> [Data to process]
* * * *

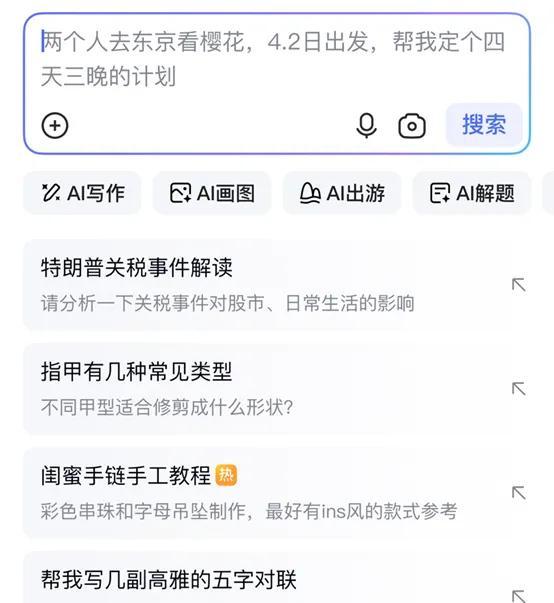 AI变现的果实，淘宝微信抖音快手先摘第一轮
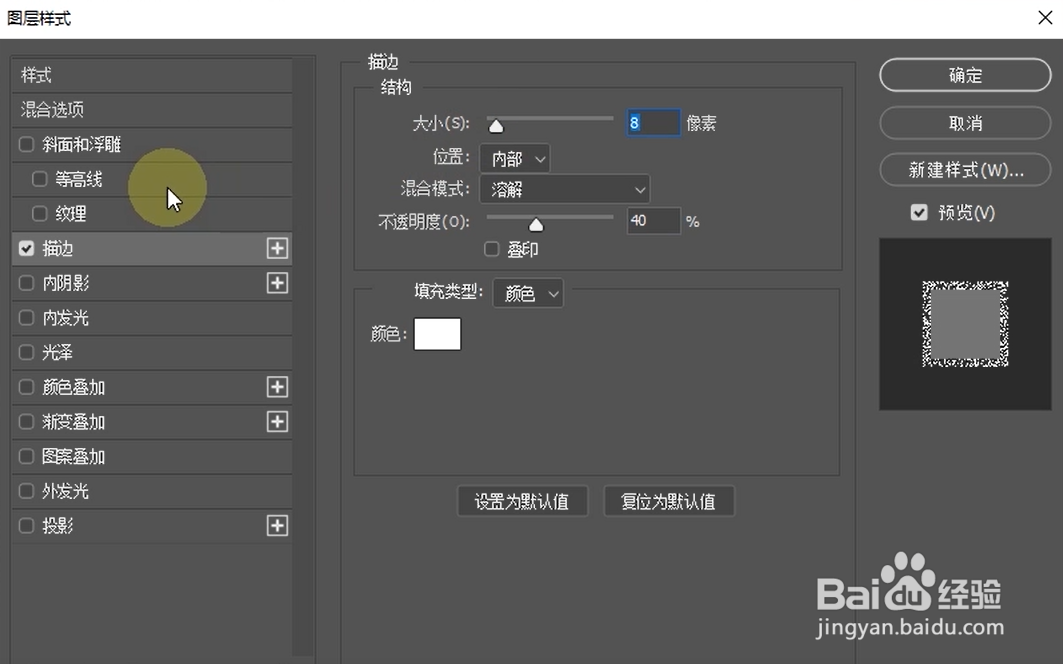 如何用ps打造粉笔画效果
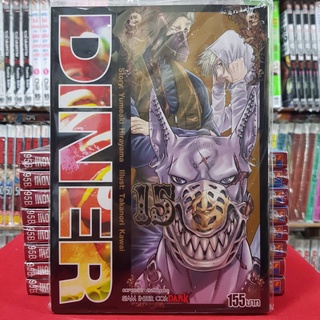 DINER ไดเนอร์ เล่มที่ 15 หนังสือการ์ตูน มังงะ มือหนึ่ง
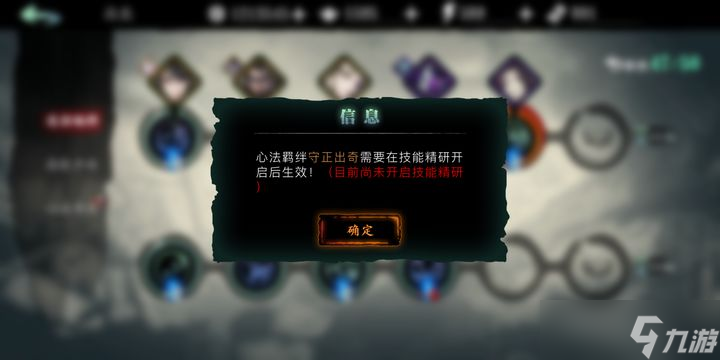 影之刃3守正出奇有什么用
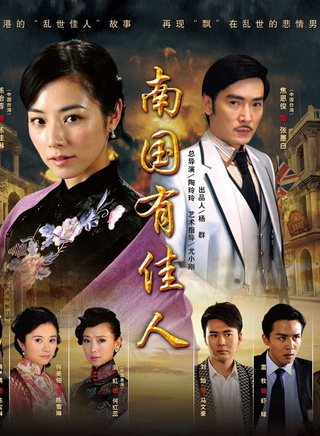 焦恩俊參演電影/電視劇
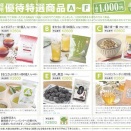 ティーライフ：買い物券 2026年1月権利(3172)・お茶目的で購入しています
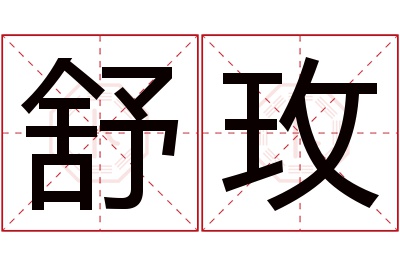 舒玫名字寓意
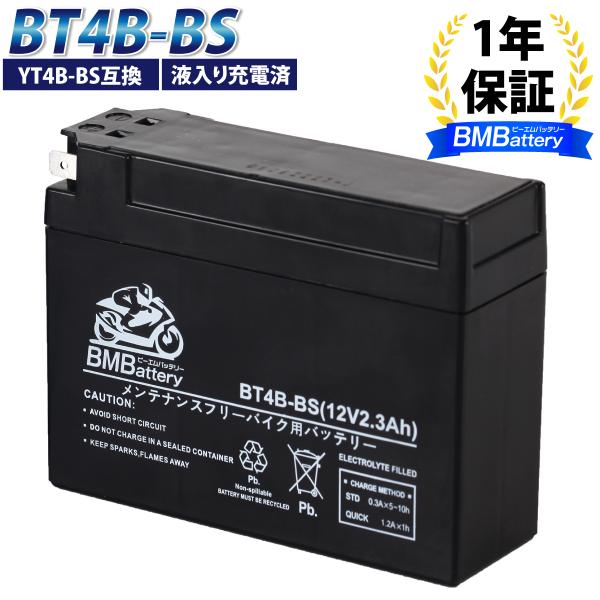 バイクバッテリーBT4B-BS 液入り充電済（互換：YT4B-BS CT4B-5 YT4B-5 GT...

* * * *

> [What is being asked] Everything in the entries except the pictures must be duplicated exactly.

> [Task solution]
 AI变现的果实，淘宝微信抖音快手先摘第一轮
 如何用ps打造粉笔画效果
 DINER ไดเนอร์ เล่มที่ 15 หนังสือการ์ตูน มังงะ มือหนึ่ง
 影之刃3守正出奇有什么用
 焦恩俊參演電影/電視劇
 ティーライフ：買い物券 2026年1月権利(3172)・お茶目的で購入しています
 舒玫名字寓意
 バイクバッテリーBT4B-BS 液入り充電済（互換：YT4B-BS CT4B-5 YT4B-5 GT...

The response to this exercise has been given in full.